Tropicana sued again over Mob Experience work

A fourth contractor is suing the Tropicana resort in Las Vegas, claiming it hasn’t been paid for work on the Las Vegas Mob Experience tourist attraction there.

Northwestern Inc. filed suit last week in Clark County District Court against the Tropicana, Mob Experience contractor M.J. Dean Construction Inc. and bonding company Liberty Mutual Insurance Co.

The Mob Experience and its parent company, Murder Inc., were not sued by Northwestern. Murder Inc. is expected to file for bankruptcy protection soon as it faces its own lawsuits, infighting among investors and back rent to the Tropicana.

Northwestern, in its suit, said it contracted with M.J. Dean to provide custom millwork for The Mob Experience and that it “fully performed its work in performance of that contract with no complaints by M.J. Dean.”

Yet, Northwestern said, it hasn’t been paid more than $143,000 due for its work, despite numerous demands for payment.

Like three earlier Mob Experience contractor lawsuits naming the Tropicana and/or M.J. Dean as defendants, Northwestern said it’s also filed a mechanic’s lien against the Tropicana and is entitled to foreclose on that lien.

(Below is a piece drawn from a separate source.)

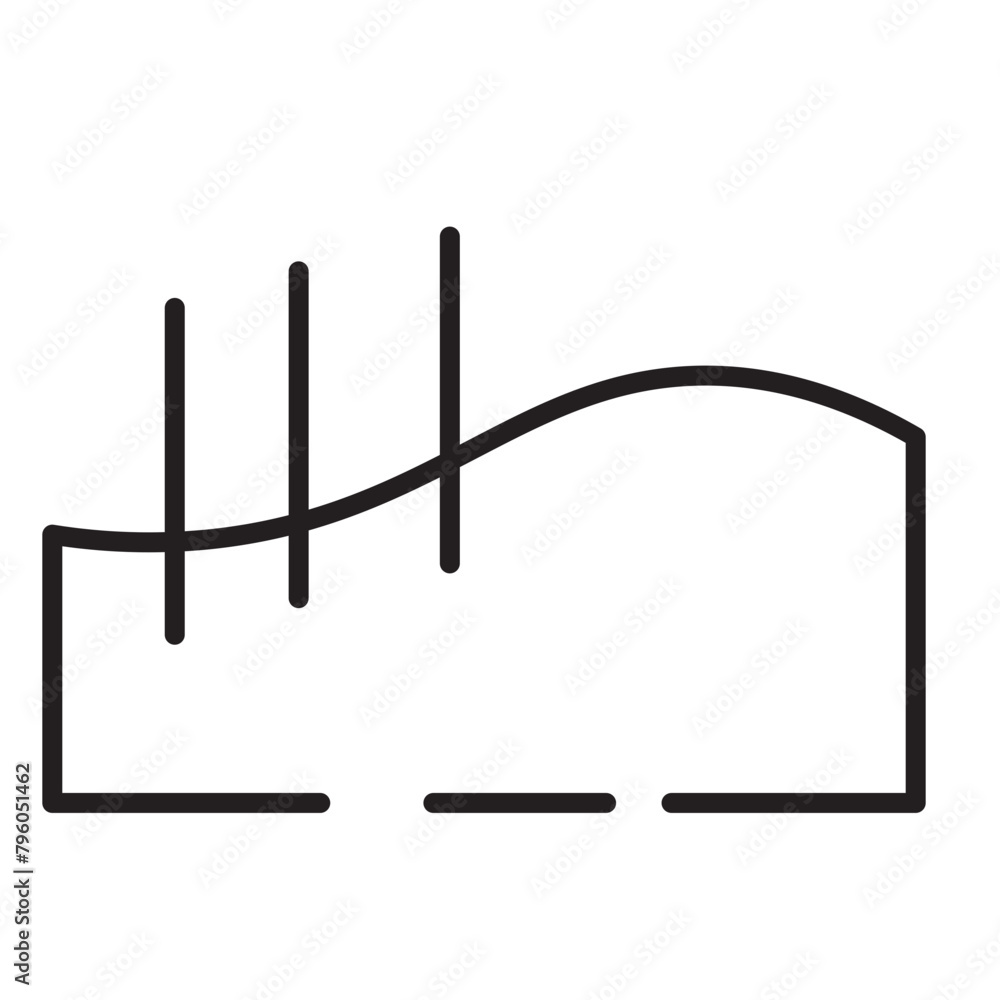 Massage Needles Spa Line Icon Massage Needles Spa Line Icon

The Tropicana and M.J. Dean have not yet responded to the lawsuit, but both have said they, too, are owed money by The Mob Experience.

The contractors suing the Tropicana and/or M.J. Dean earlier were Bombard Electric LLC, Superior Tile & Marble Inc. and George M. Raymond Co.

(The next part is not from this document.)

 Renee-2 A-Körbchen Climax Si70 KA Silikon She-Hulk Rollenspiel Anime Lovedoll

Attorneys for the Tropicana have now responded to the Superior and George M. Raymond suits with boilerplate-like answers generally saying that “Tropicana lacks sufficient knowledge to either admit or deny the allegations” and the damages claimed were caused by the “actions of third persons over who Tropicana exercised no control.”

Demands in the lawsuits that the Tropicana be foreclosed on are unlikely to result in a foreclosure for several reasons.

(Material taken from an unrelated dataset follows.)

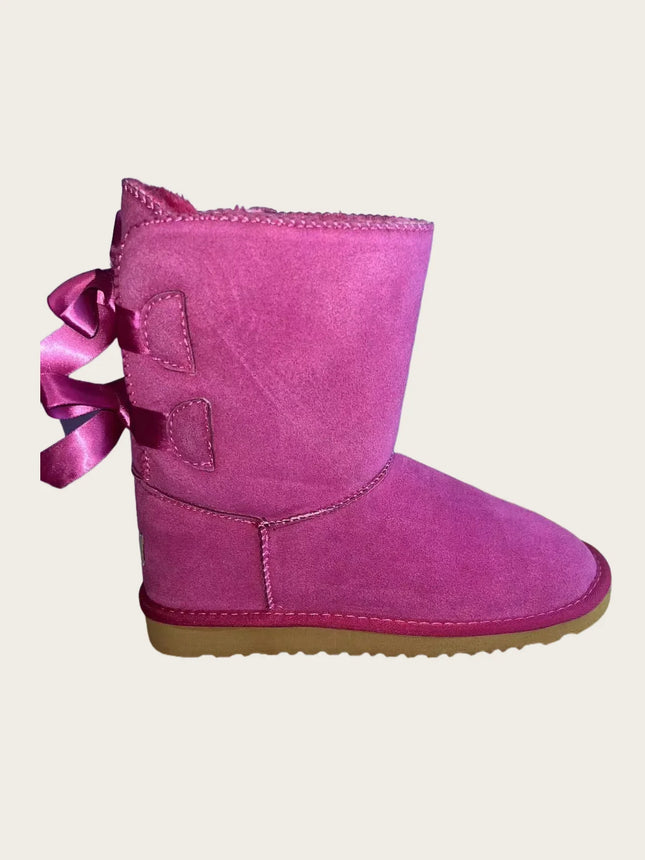 NEW Winter Women Snow Boots Super Mini Classics Real Sheepskin Wool Warm Low-cut Fur Shoes Slippers Man Short Boot Size 35-44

First, the expected Mob Experience bankruptcy will likely put all the lawsuits on hold, so the rights of the creditors and Mob Experience investors can be sorted out.

Second, with $385 million in assets, the Tropicana has numerous ways to block a foreclosure over the liens filed against The Mob Experience. For starters, it can simply post bonds against the lien amounts while the lawsuits are litigated either in bankruptcy court or state court.

The Northwestern lawsuit lifts to at least 12 the number of lawsuits filed over the finances of The Mob Experience, which opened this spring. Of the 12 suits, 11 remain open.